**Work task**.
Wherever a picture appears in the listing, leave it out, and copy the rest exactly.

**Given material**.
☆ ☆ ☆ ☆

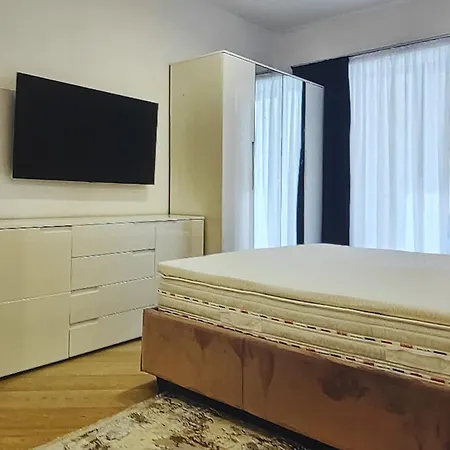 Lazuly 2 Bdr Luxury Apartamento Varna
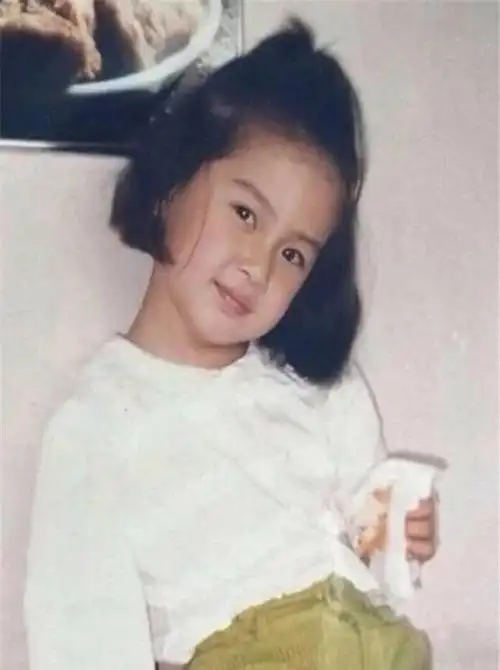 女明星童年照彰显优越基因贾玲美到认不出章子怡娜扎秀气高级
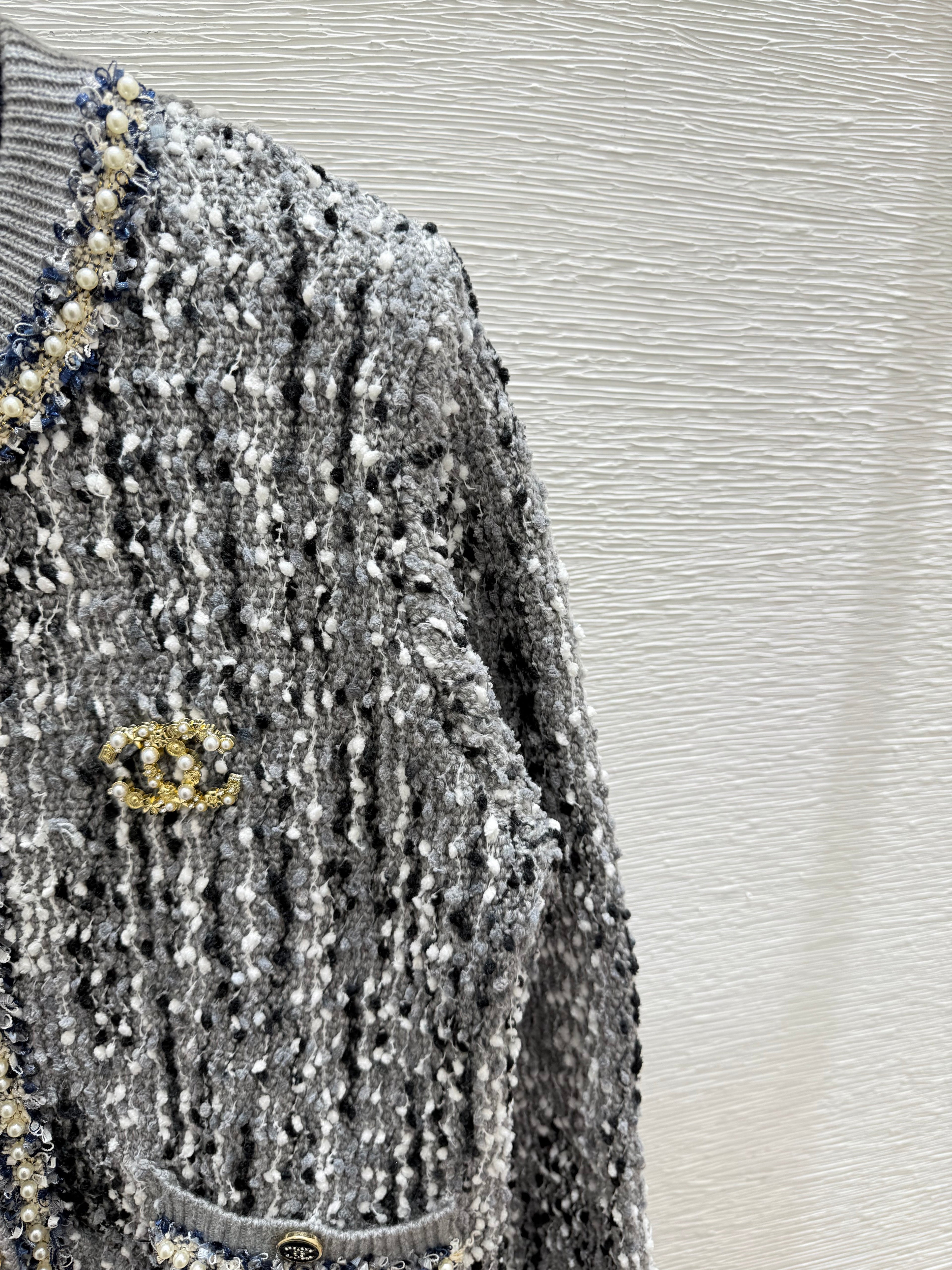 Contrast beaded crew neck knitted long-sleeved cardigan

☆ ☆ ☆ ☆

**Output for this task**.
 Lazuly 2 Bdr Luxury Apartamento Varna
 女明星童年照彰显优越基因贾玲美到认不出章子怡娜扎秀气高级
 Contrast beaded crew neck knitted long-sleeved cardigan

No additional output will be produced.